Surface untested source files at 0% coverage in reports by olivembo · Pull Request #9 · eclipse-score/score_cpp_policies

olivembo · 2026-06-23T09:46:38Z

Summary

llvm-cov only reports files whose object files are linked into at least one test. Source files that exist in the workspace but no cc_test pulls in silently disappear from the coverage report.

This PR adds a Bazel aspect that walks the dependency graph to collect all C/C++ sources, compares them against what llvm-cov actually reported, and augments the LCOV, HTML, and text outputs with synthetic 0%-coverage entries for the missing files.

Approach

Why an aspect + manifest instead of patching `--instrumentation_filter`?
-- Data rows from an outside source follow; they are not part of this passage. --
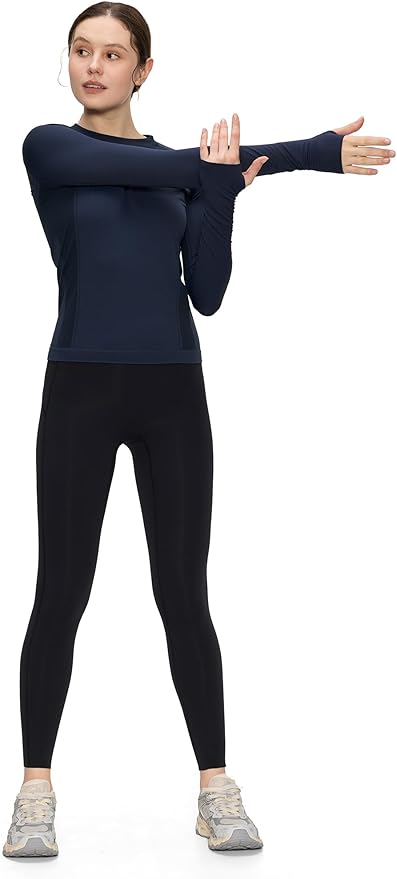 Long Sleeve Workout Tops for Women, Compression Shirt, Sports Running Shirt Breathable Athletic Top Slim Fit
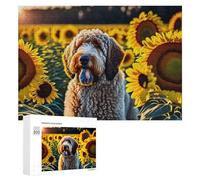 Puzzle for Adults 300 PCS Golden Retriever in Sunflower Field-1 Puzzle for Adults Brain Teaser Game Difficult Challenge for Is Ideal As A Gift 300 PCS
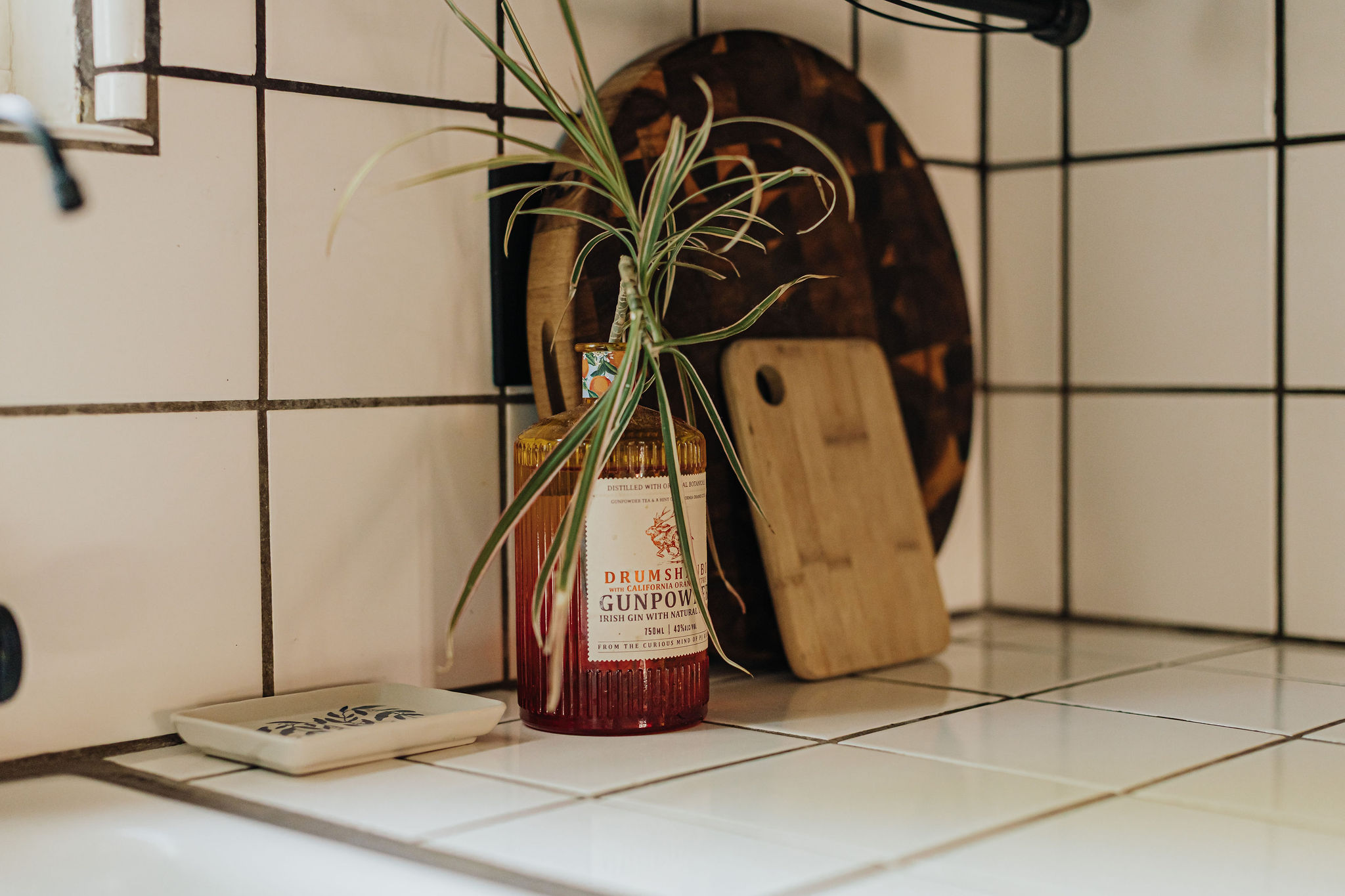 Stylish tiled kitchen corner with warm wood accents and greenery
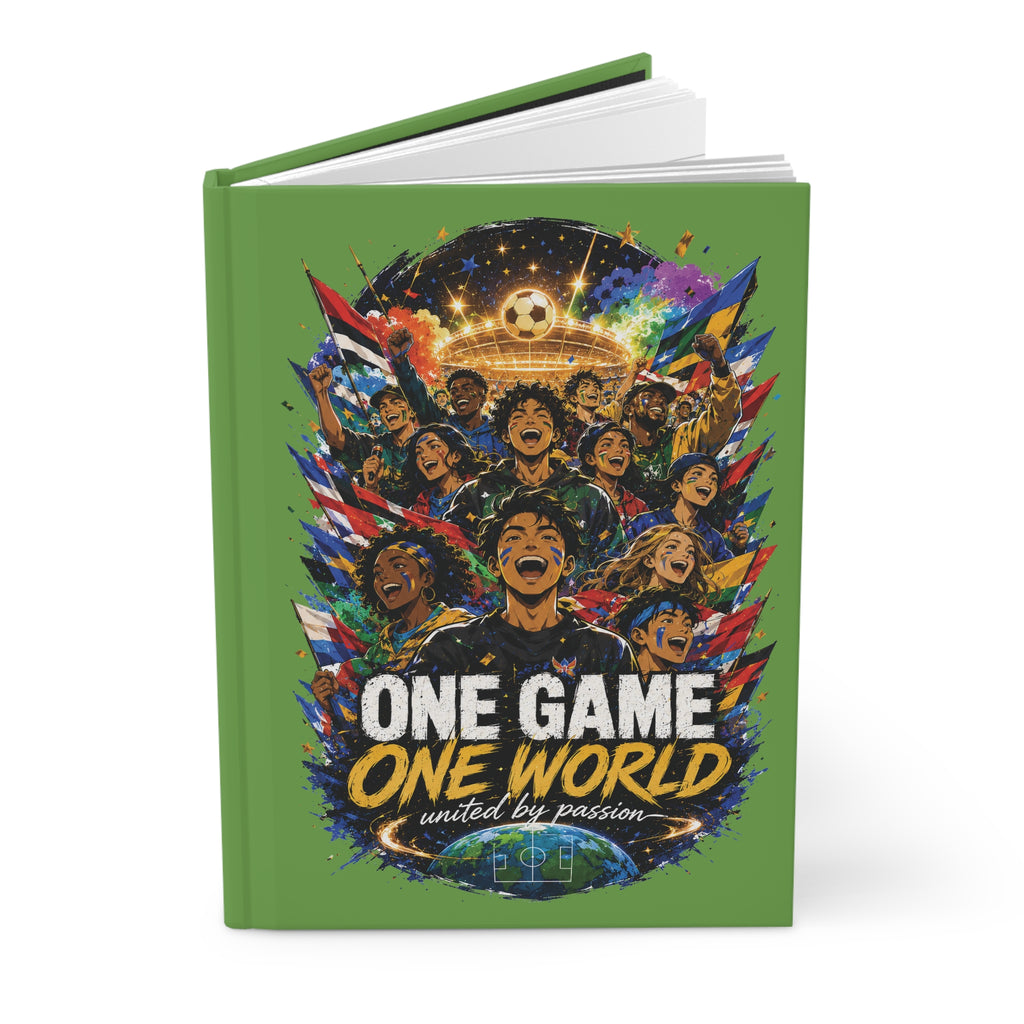Soccer Journal — "One Game One World" Personalized Hardcover Notebook (Custom Name & Number)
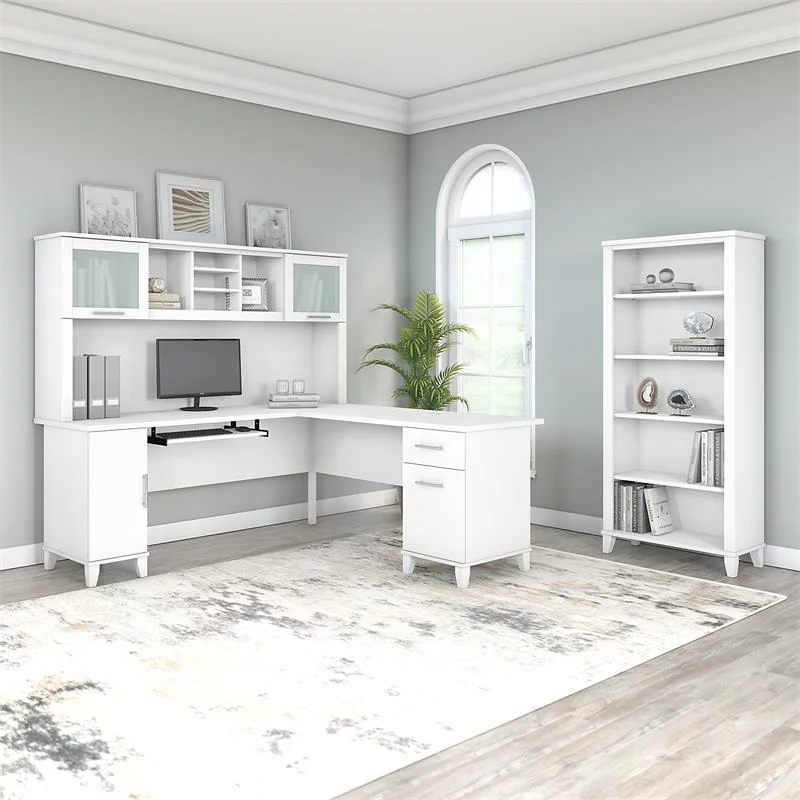 Pemberly Row 72W L Shaped Desk with Hutch & Bookcase in White - Engineered Wood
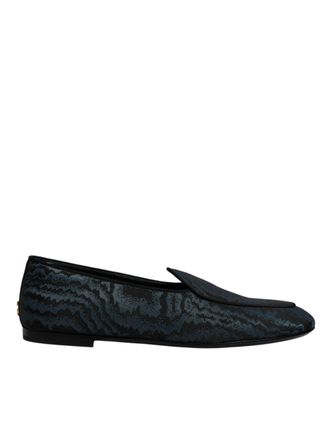 Dolce & Gabbana Blue Black Flats Men Loafers Dress Mens Shoes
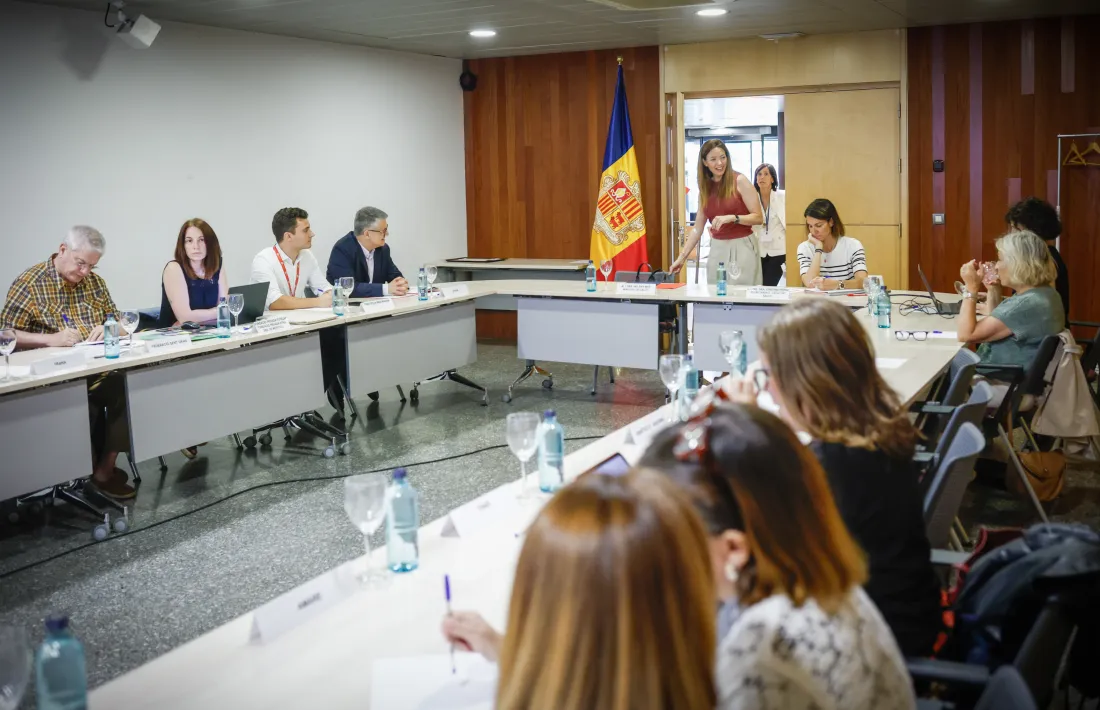 Un moment de la reunió del Pacte nacional de salut.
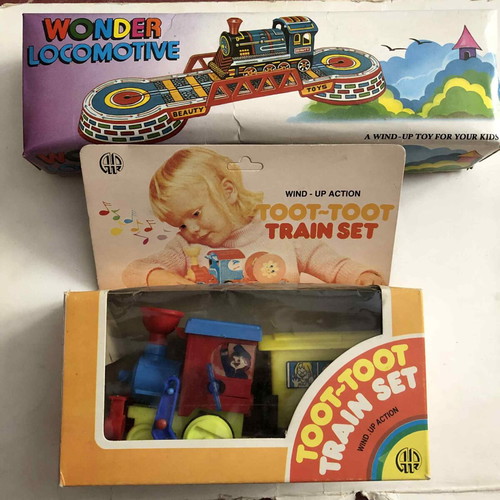 Wind-up toy trains Ananiadis and tin, used, set of 3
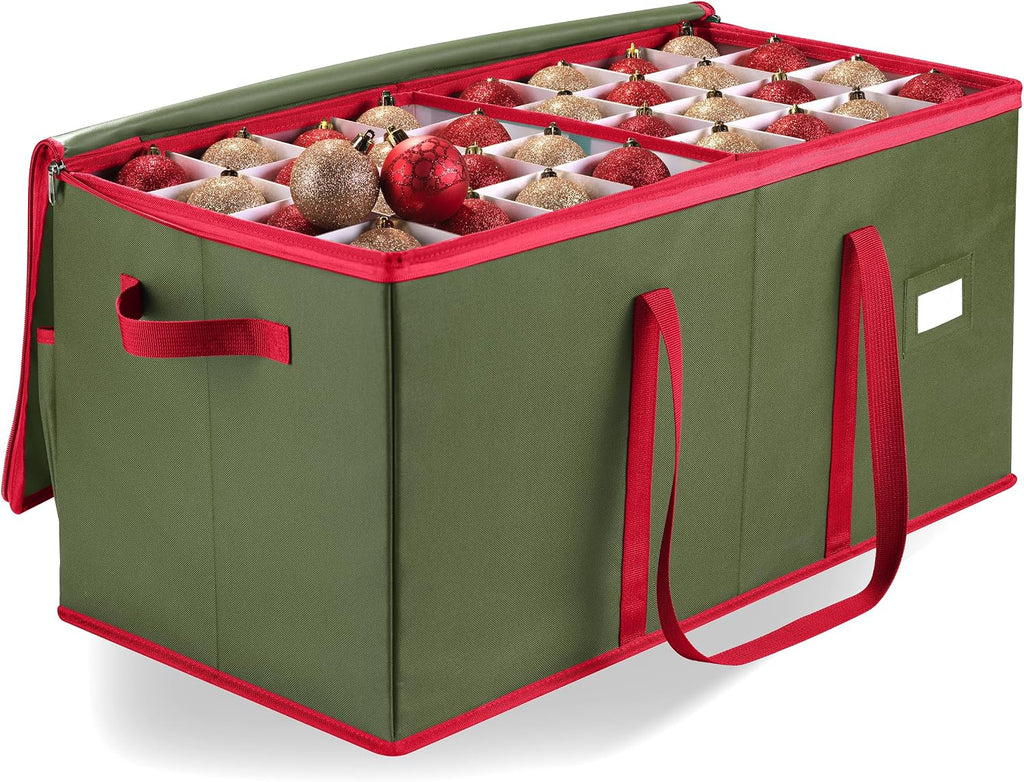 Christmas Ornament Storage - Stores up to 128 Holiday Ornaments, Adjustable Dividers, Zippered Top, Two Handles.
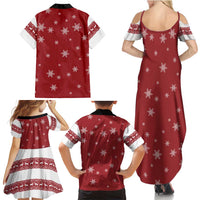 Golden Retriever Christmas Family Matching Summer Maxi Dress and Hawaiian Shirt with Santa Hat Wreath and Snowflake Design - Wonder Print Shop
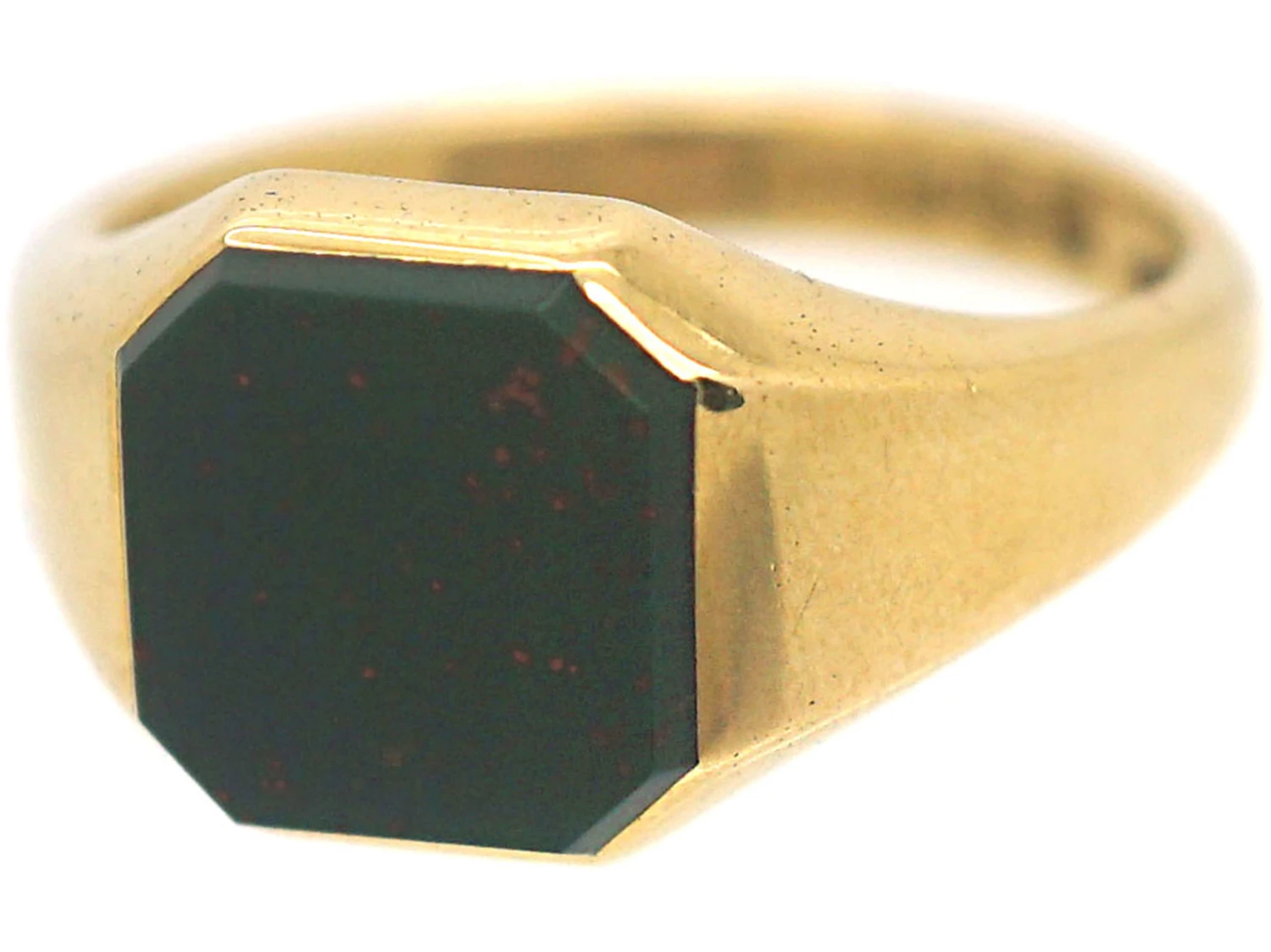 Art Deco 18ct Gold & Bloodstone Signet Ring 9 Art Deco 18ct Gold & Bloodstone Signet Ring - Image 7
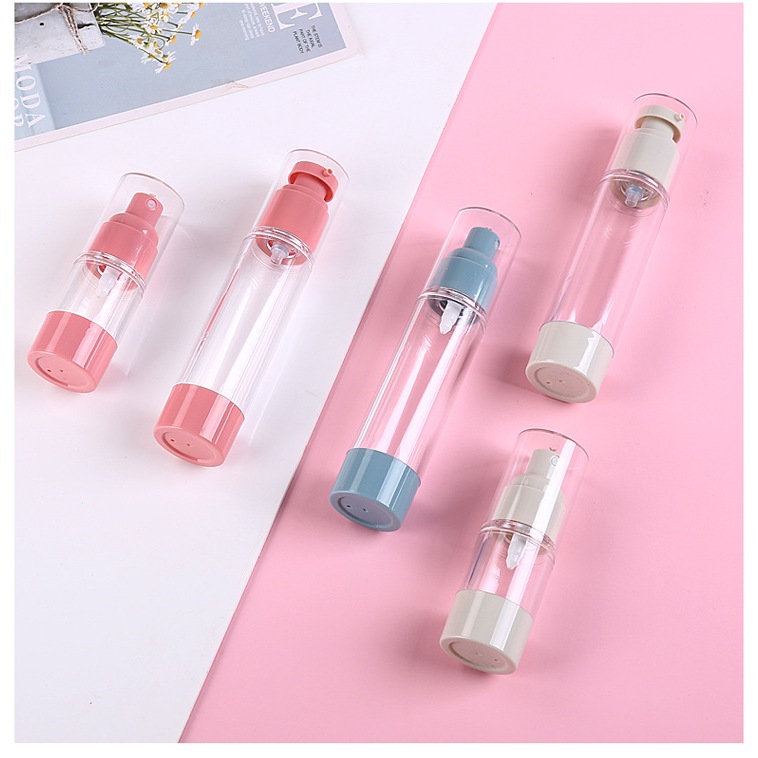 Lọ chiết mỹ phẩm hút chân không màu pastel xinh xắn - đầu bơm và phun sương 🍀 Clovershop68 🍀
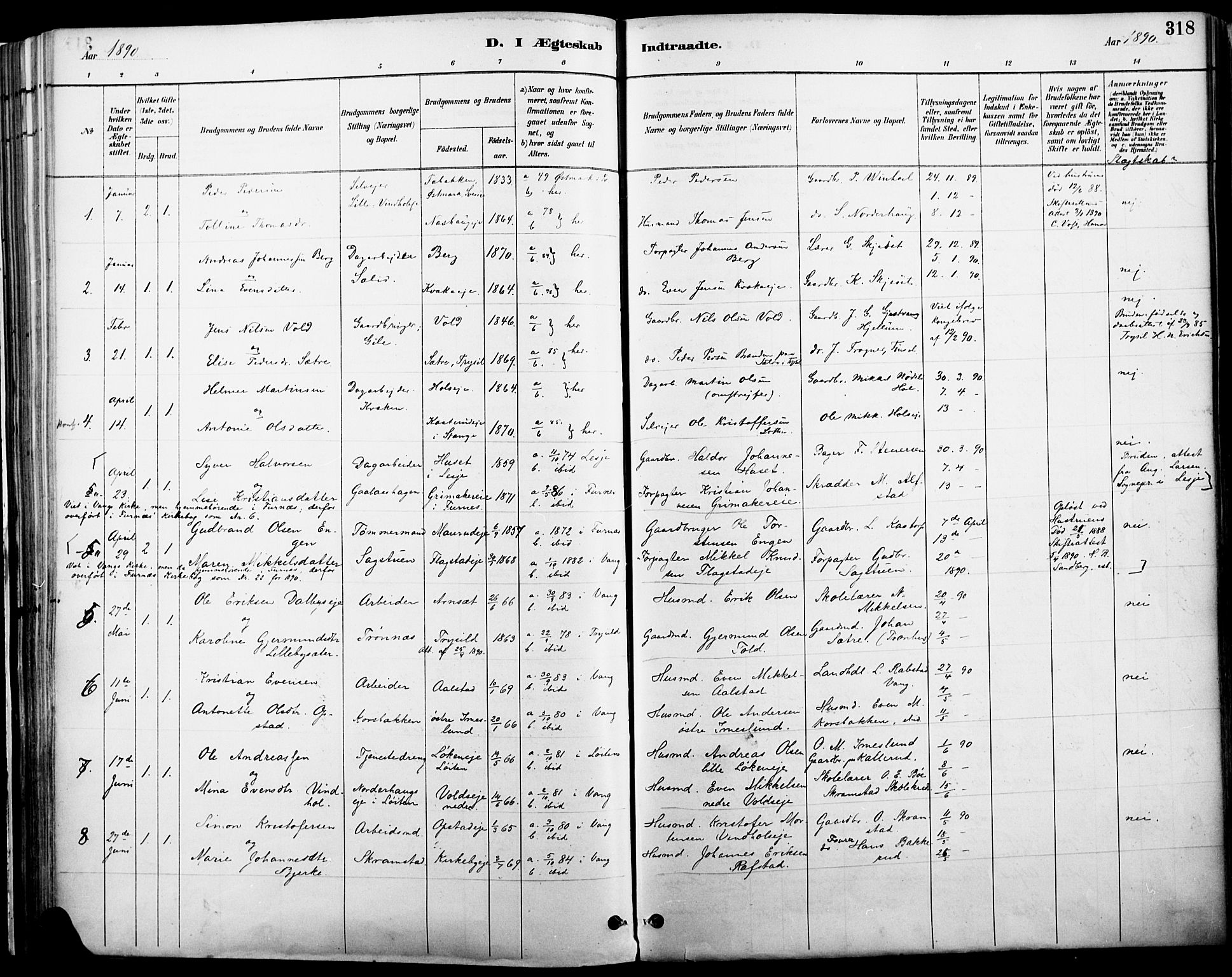 Vang prestekontor, Hedmark, SAH/PREST-008/H/Ha/Haa/L0019A: Parish register (official) no. 19, 1886-1900, p. 318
instrumentation_filter controls which targets get built with coverage instrumentation, but llvm-cov still only reports files whose .o is linked into a test binary. There's no Bazel-native way to surface the gap. The aspect walks deps/srcs/implementation_deps transitively and writes a manifest of all reachable .cpp/.cc/.cxx/.c files. The reporter then diffs manifest vs. LCOV output.

Why heuristic line counts instead of exact numbers?

Without running llvm-cov against actual instrumented object files (which don't exist for untested sources), we can't get exact instrumentable line counts. The heuristic (_count_instrumentable_lines) filters blank lines, comments, preprocessor directives, lone braces, and namespace declarations. All outputs explicitly label these as estimates (~N, "estimated via heuristic") to avoid false precision. The TOTALS line in summary.txt is intentionally left untouched — only a WARNING banner is appended.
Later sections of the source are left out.